4u Polynomial Question (1 Viewer)

[AreYouAlright?]

Hey guys,

We as a class have worked through this question up to the point shown on the attached image of the working out. We were able to show the second part but we thought there must be a simpler or more logical way to do so, does anyone have a method to address the second part in this question?

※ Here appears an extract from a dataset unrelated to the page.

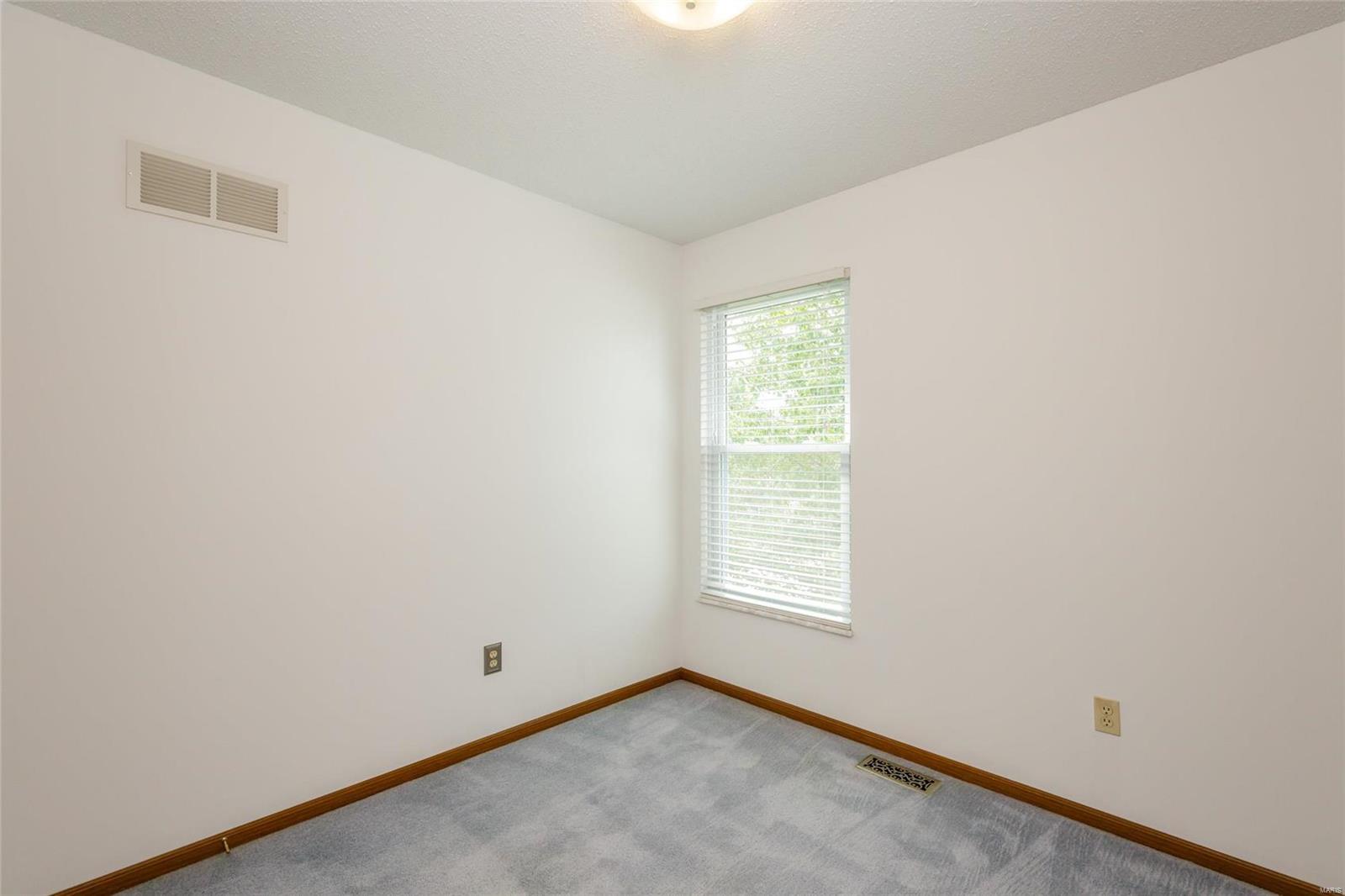 Monticello Manor - Residential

Any help would be greatly appreciated.

 

[shafqat]

use the fact that sum of roots = 0

 

[AreYouAlright?]

Could you please demonstrate

I still can't see how you would show that, can you please write a proof for it?

 

[shafqat]

from i you know that the solutions of polynomial are cos(-pi/9), cos(7pi/9) and cos (13pi/9)
so from polynomial, some of roots = coeff of x^2/1 = 0
so cos(-pi/9) + cos(7pi/9) + cos (13pi/9) = 0
as cosx is even, cos(-pi/9) = cos(pi/9)
also, remember that cosA = -cos(pi - A) [can be proved expanding RHS using cos(a-b) formula]
applying this to the other 2 terms in above equation,

cos(pi/9) - cos(2pi/9) - cos(4pi/9) = 0
rearranging, cos(pi/9) = cos(2pi/9) + cos(4pi/9)